Boudjemaâ Karèche
Acting
Biographie
Boudjemaâ Karèche, né en 1941, est un licencié en Droit de la Faculté d'Alger. Animateur de la Cinémathèque Algérienne dès 1971, il y est nommé directeur de 1978 à 2003, succédant à son fondateur, Ahmed Hocine. Ce haut lieu de culture, de débats, de liberté, connu des cinéphiles du monde entier, épouse l’histoire de l’Algérie. Deux salles de cinéma privées jouxtent la cinémathèque. En 1995, en pleine guerre civile, des bombes les ont ravagées, provoquant huit morts et de nombreux blessés.
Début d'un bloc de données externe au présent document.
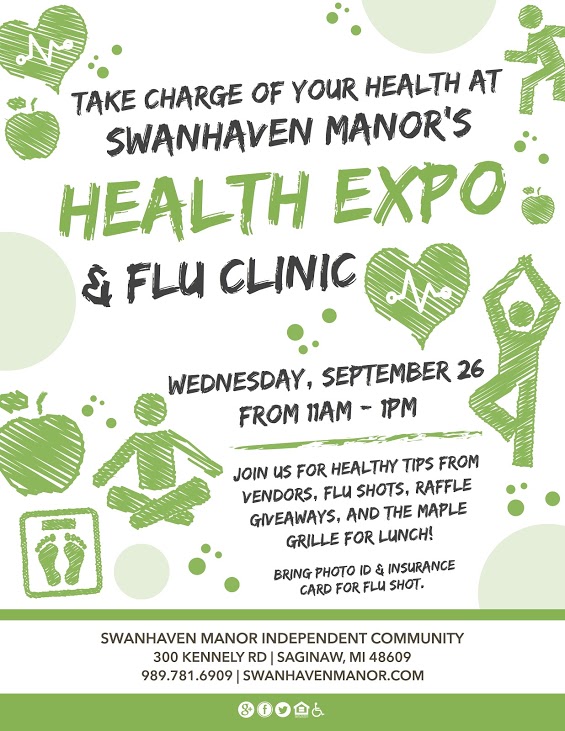 Swanhaven Manor Health Expo and Flu Clinic Flyer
Jamais la Cinémathèque d’Alger n’a suspendu une séance. Outre son activité de conservateur et ses nombreuses participations à des jurys de festivals internationaux, Boudjemaâ Karèche a fait quelques apparitions en tant qu'acteur dans des films de Merzak Allouache ("Les Aventures d'un Héros", "L'Homme qui regardait les fenêtres") et de Mohamed Bouamari ("Premier Pas"). En 2005, il publie le livre "Un Jour, Un Film" (Editions Jazz, Alger), recueil d'anciens articles rédigés pour les quotidiens algérois Le Matin et Liberté. En 2009, Boudjema Karèche publie "Juste Un Mot", puis en 2013 "L'Héritage Du Charbonnier", récit sur la vie et l'oeuvre du cinéaste algérien Mohamed Bouamari disparu en 2006. En 2021, le collectif «Cinéma Mémoire» mets en ligne sur la plateforme Viméo une série de master-class animés par Boudjemaâ Karèche «Boudjemaâ Karèche : L’Instinct Du Cinéma» .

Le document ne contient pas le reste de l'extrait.